(Scraped caption text data)

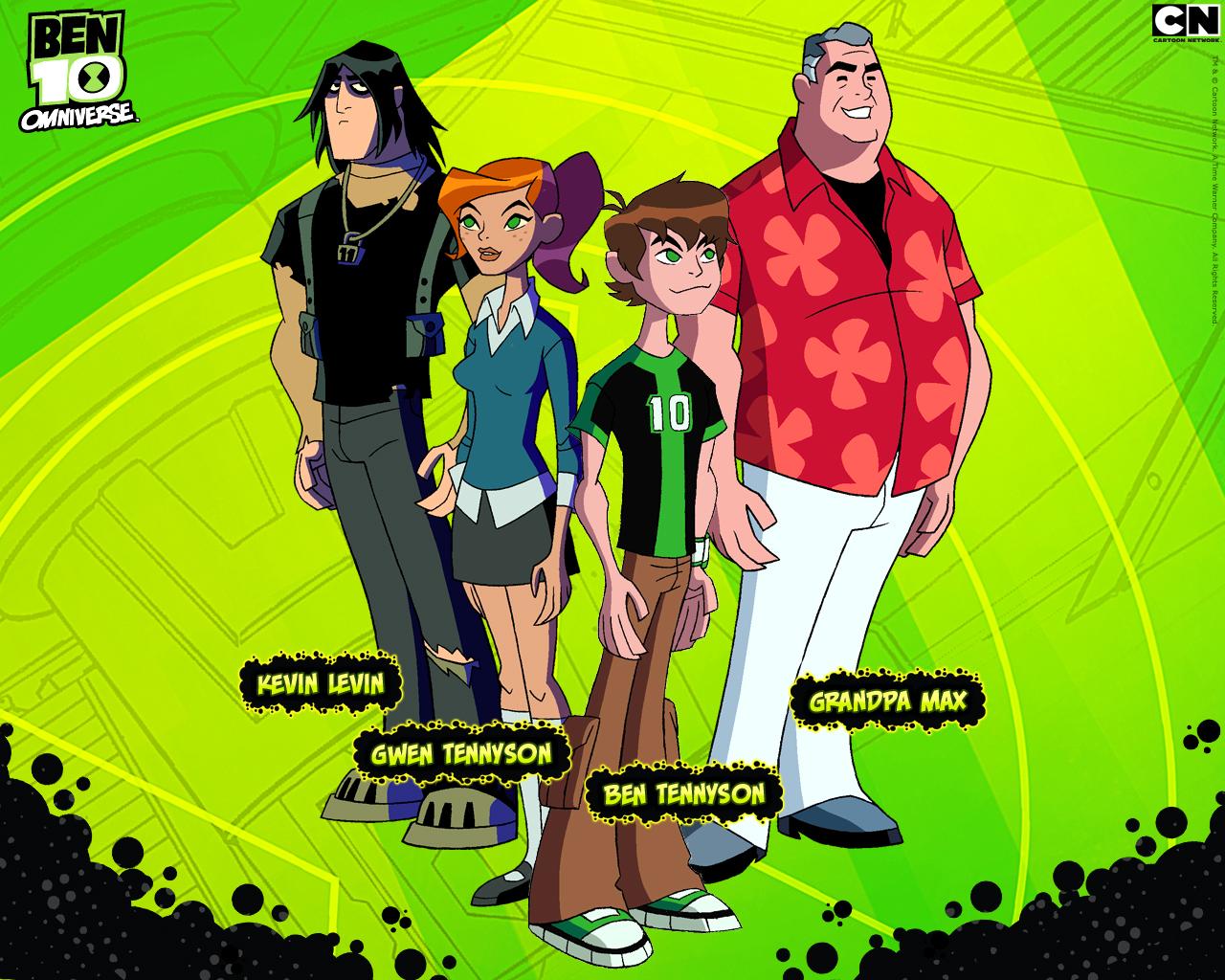 1280x1024 Ben 10: Omniverse wallpaper, Video Game, HQ Ben 10: Omniverse pictureK Wallpaper 2019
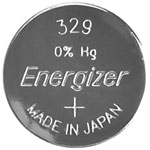 Energizer 635318 Size SR731 Silver Oxide Button Cell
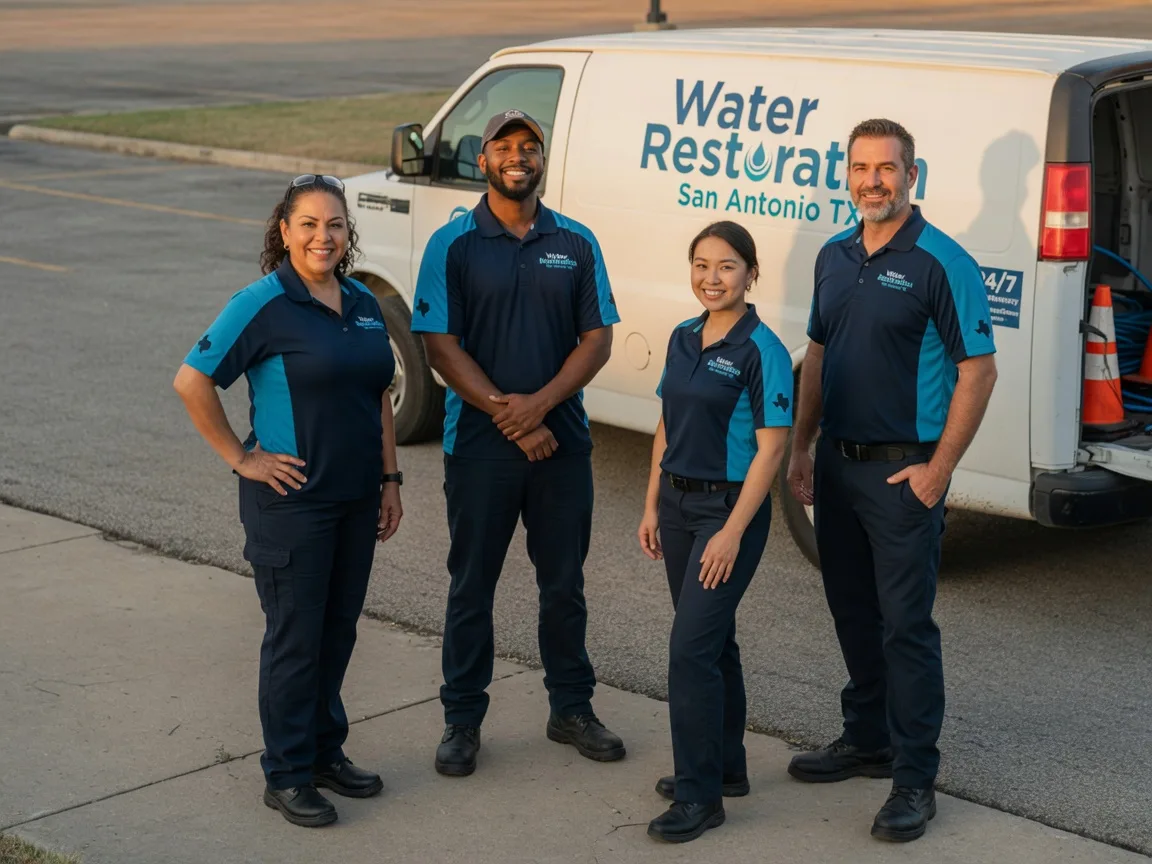 Water Damage Repair company in Norco, LA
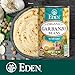 Eden Organic Garbanzo Beans, Chickpeas, 15 oz Can (12-Pack Case), No Salt Added, Non-GMO, Gluten Free, Vegan, Kosher, U.S. Grown, Heat and Serve, Macrobiotic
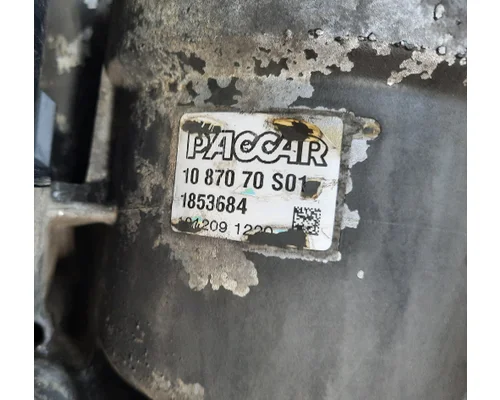 PACCAR MX-13 ENGINE OIL COOLER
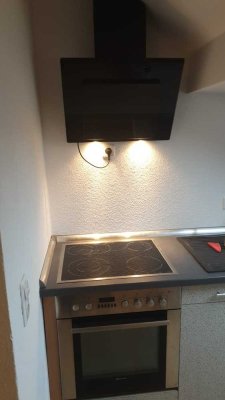 Süße Dachgeschosswohnung im Herzen von Ostersbaum, 45.000 € - 30 m² - 2.0 Zi.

Problem requirements: The records above should be repeated exactly, with no pictures in the copy.

Task output:
 1280x1024 Ben 10: Omniverse wallpaper, Video Game, HQ Ben 10: Omniverse pictureK Wallpaper 2019
 Energizer 635318 Size SR731 Silver Oxide Button Cell
 Water Damage Repair company in Norco, LA
 Eden Organic Garbanzo Beans, Chickpeas, 15 oz Can (12-Pack Case), No Salt Added, Non-GMO, Gluten Free, Vegan, Kosher, U.S. Grown, Heat and Serve, Macrobiotic
 PACCAR MX-13 ENGINE OIL COOLER
 Süße Dachgeschosswohnung im Herzen von Ostersbaum, 45.000 € - 30 m² - 2.0 Zi.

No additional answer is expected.